_Exercise:_ Word for word and without images, transcribe all of the records.

(Stored dataset items)
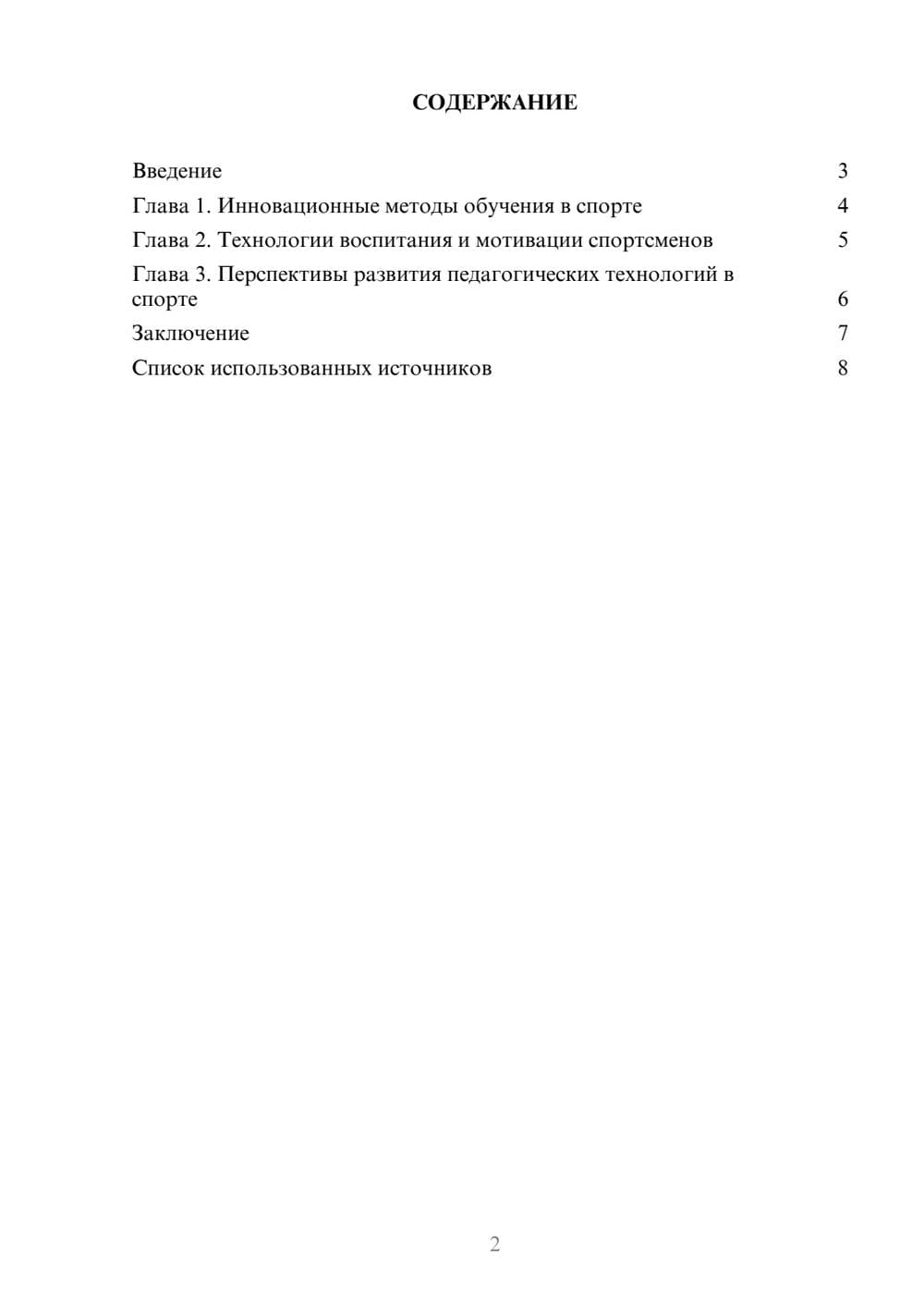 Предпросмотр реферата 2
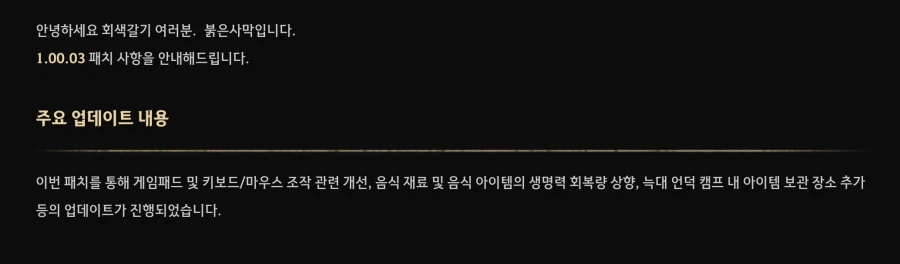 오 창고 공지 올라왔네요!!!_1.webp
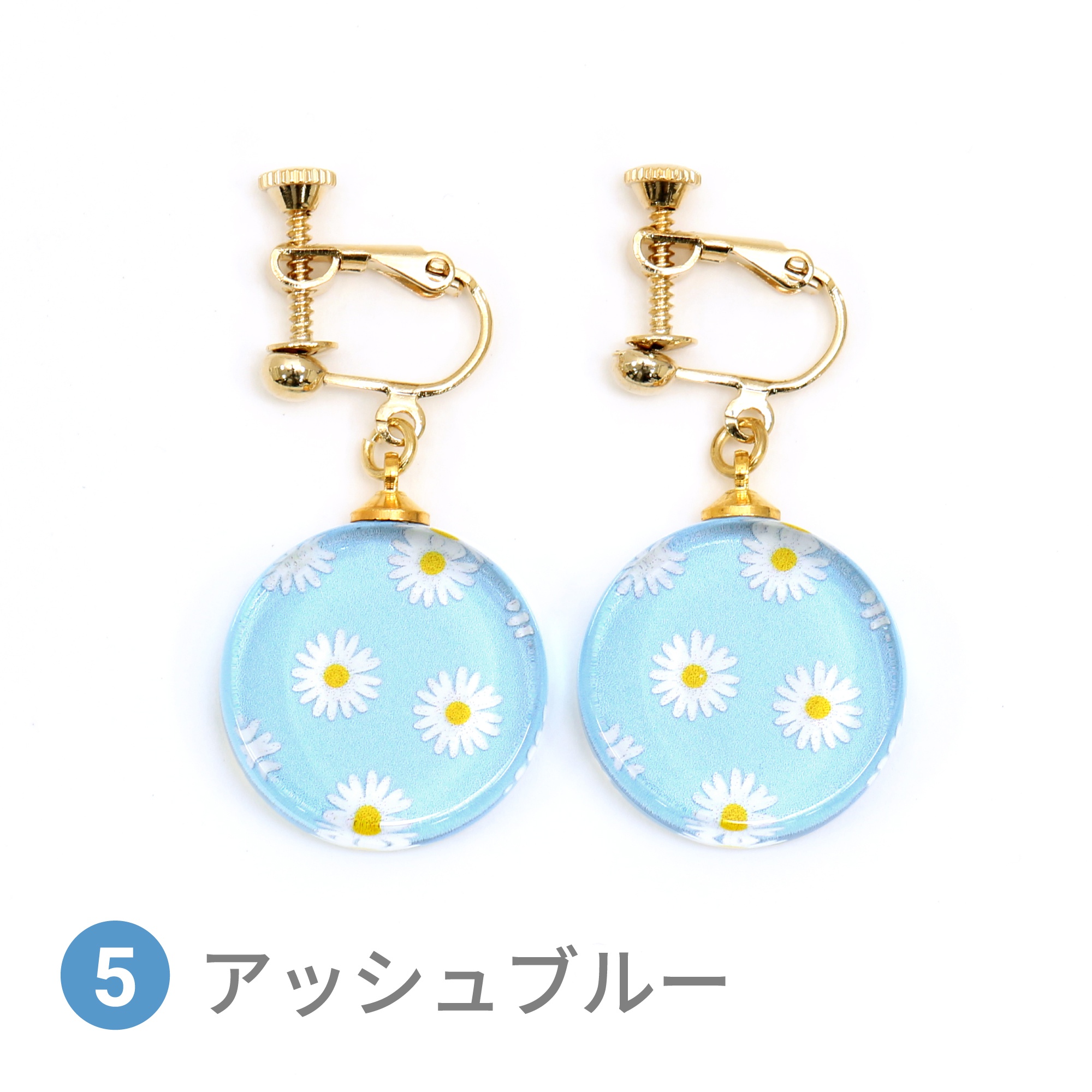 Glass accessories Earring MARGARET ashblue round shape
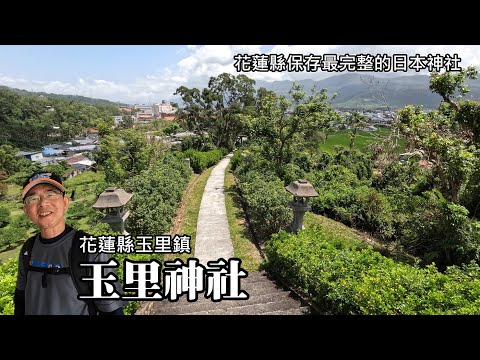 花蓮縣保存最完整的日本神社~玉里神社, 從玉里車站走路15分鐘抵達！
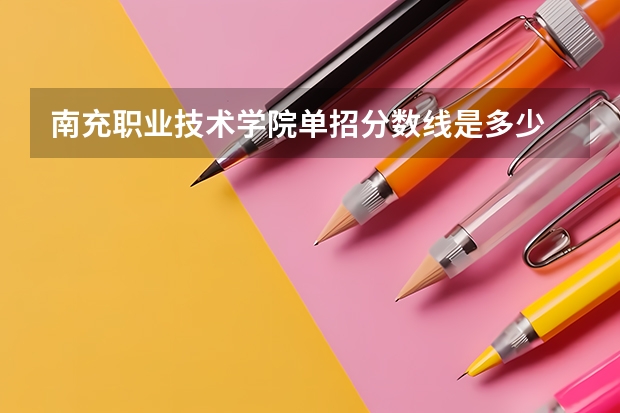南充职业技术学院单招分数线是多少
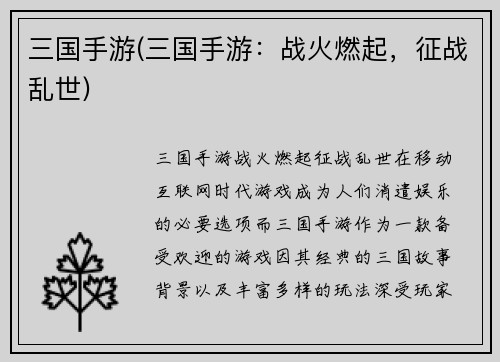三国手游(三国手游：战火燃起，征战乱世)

_Your solution:_
 Предпросмотр реферата 2
 오 창고 공지 올라왔네요!!!_1.webp
 Glass accessories Earring MARGARET ashblue round shape
 花蓮縣保存最完整的日本神社~玉里神社, 從玉里車站走路15分鐘抵達！
南充职业技术学院单招分数线是多少
三国手游(三国手游：战火燃起，征战乱世)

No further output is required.